From Y2K hysteria to the fervent belief that the Japanese economy would permanently overtake the American economy in the 1990s, history is littered with expert predictions that failed to come true.

But Gardner said it's still a win-win situation for the pundits who make judgment calls about the unknown.

When experts make statements that turn out to be correct, it builds their brand and credibility.

But when they are wrong, hardly anybody remembers how wrong their previous predictions were. And they keep on getting asked to share their erroneous insights.

Rarely, if ever, do they get called out for their mistakes.

"It doesn't happen," said Gardner. "There is no accountability in the expert-prediction business."

Gardner has written a new book about the preponderance of failed predictions and why we keep falling back into their arms.

"Failed Babble: Why Expert Predictions Fail -- and Why We Believe Them Anyway" argues that we tend to believe definitive statements about what lies ahead because we have a psychological aversion to the alternative. In other words, we tend to be very uncomfortable about not knowing what is to come.

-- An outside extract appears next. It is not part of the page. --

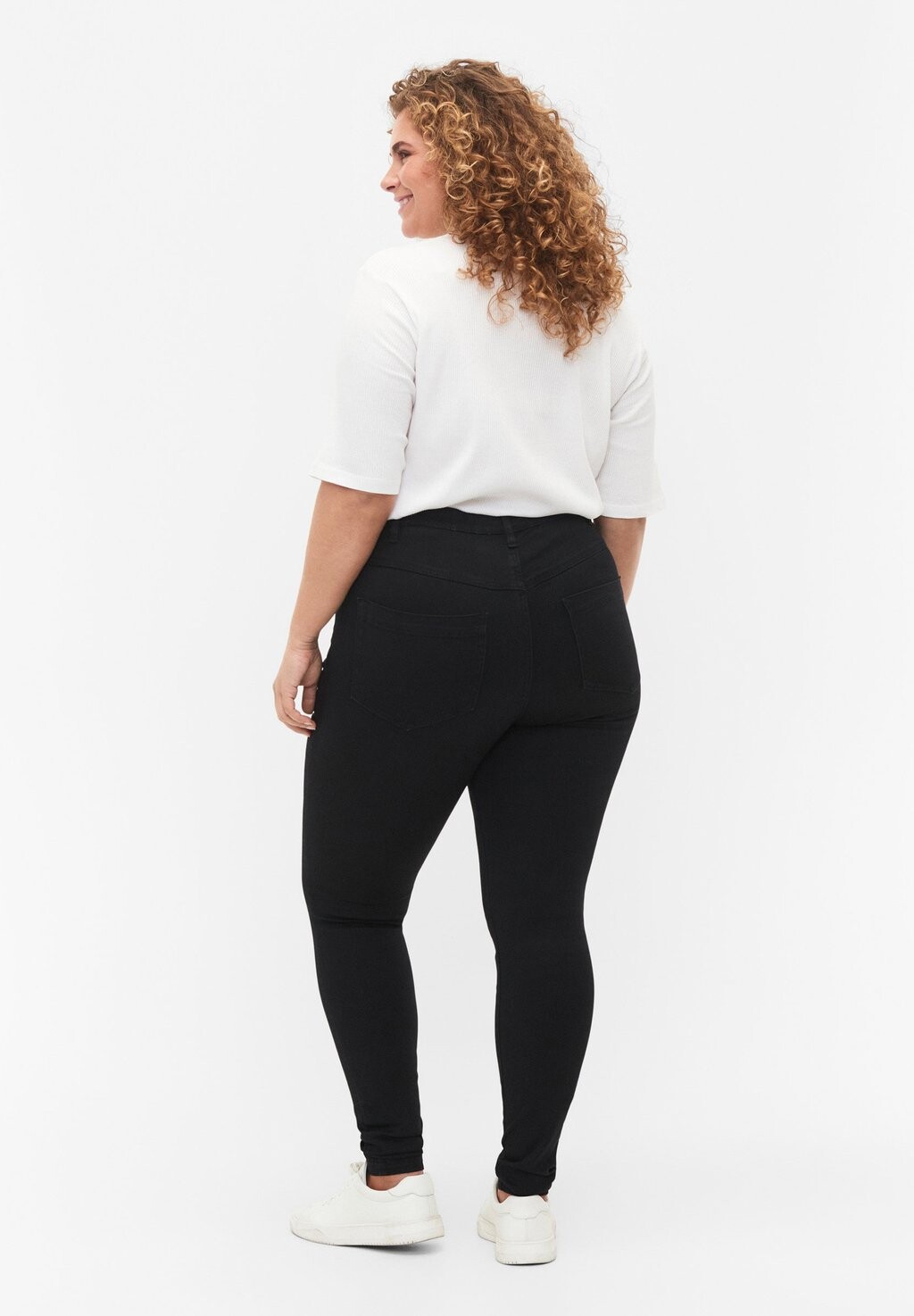 

Джинсы облегающего кроя MIT HOHER TAILLE Zizzi, черный деним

In making his case, Gardner keys into the research of psychologist Philip Tetlock.

Starting in the mid-1980s, Tetlock got a group of nearly 300 experts to make many very specific predictions about the future.

After enough time had passed, Tetlock analyzed more than 27,000 predictions and found that the experts were not nearly as successful as they themselves would have predicted.

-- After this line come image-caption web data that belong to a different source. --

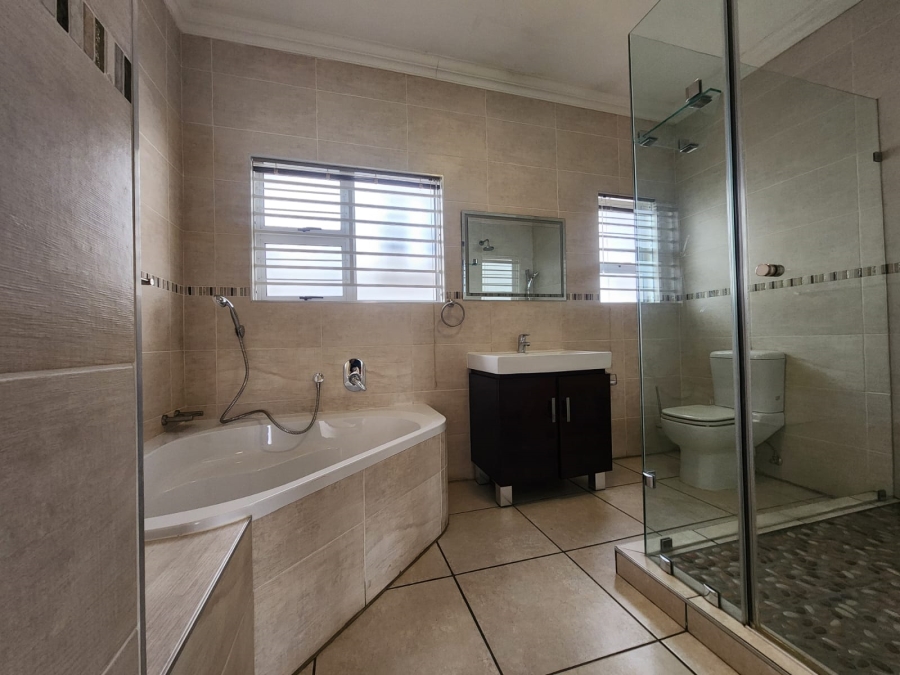 3 Bedroom Property for Sale in Rynfield Gauteng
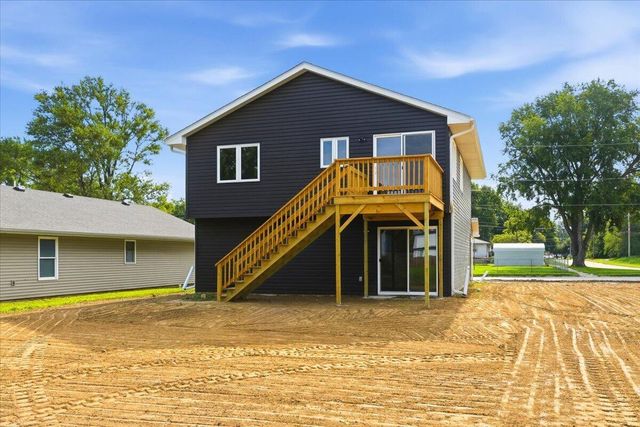 1624 S 11TH Street, Council Bluffs, IA 51501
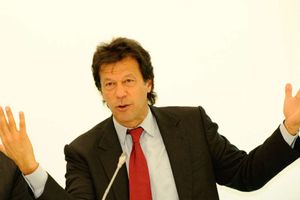 పుల్వామా ఉగ్రదాడి: ఇమ్రాన్ ఫోటోలు తొలగింపుపై స్పందించిన పీసీబీ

The data showed that the collective group of experts would have provided more accurate general predictions by making random guesses about the future, which Tetlock once said made the group worse at predicting the future than "a dart-throwing chimpanzee."

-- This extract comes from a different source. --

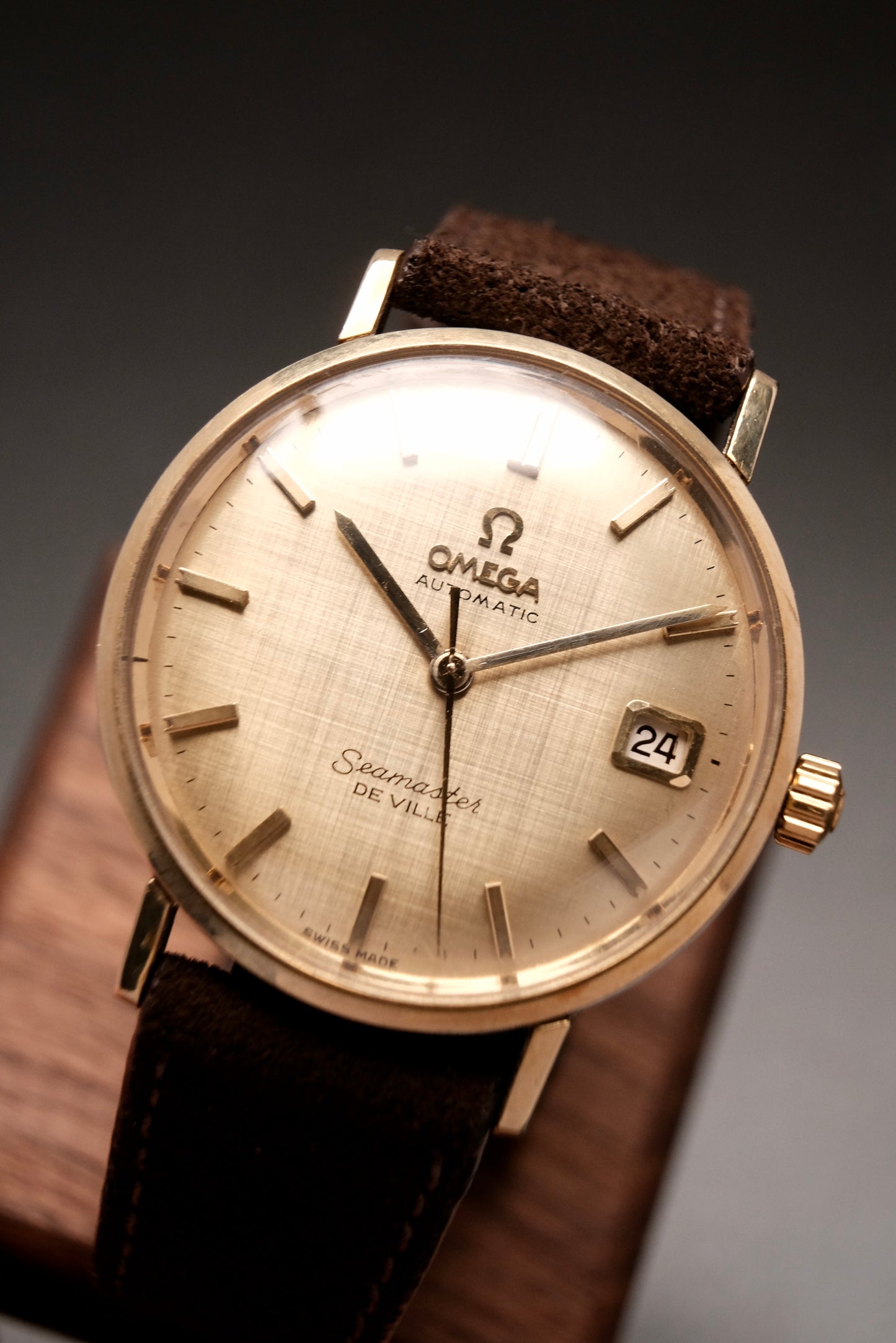 1964 Omega Seamaster De Villé Automatic Gold Linen Dial 14700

Even worse, Tetlock found that the larger the media profile an individual expert had, the less accurate their predictions were. Or as Gardner puts it, he found an "inverse correlation between fame and accuracy."

But there was a range of success among experts and Tetlock's research also concluded that the more skilled experts in the group were much less certain about their predictions and more comfortable with complexity. And they used many kinds of reasoning principles and analysis of issues.

Gardner said these less popular, but generally more accurate experts are often ignored in the media because they can seem kind of wishy-washy in interviews, in an "on the one hand, on the other hand" kind of way. That's the reason former U.S. President Harry Truman once wished for a one-armed economist, so he wouldn't have to listen to the other hand.

But Gardner argued these more skilled and sophisticated experts are the ones to consult. They are also the people that we should pattern our own thinking upon.

For the public, Gardner believes that a more skeptical approach is needed when evaluating the claims of expert prognosticators. We should listen more closely to those lateral thinkers who are less certain about what is ahead, while taking a step back from people who use one style of thinking to make their concrete conclusions.

Like the old X-Files tag line, we want to believe.

But Gardner said we need to do the opposite of what our brains are telling us: "We have to embrace uncertainty."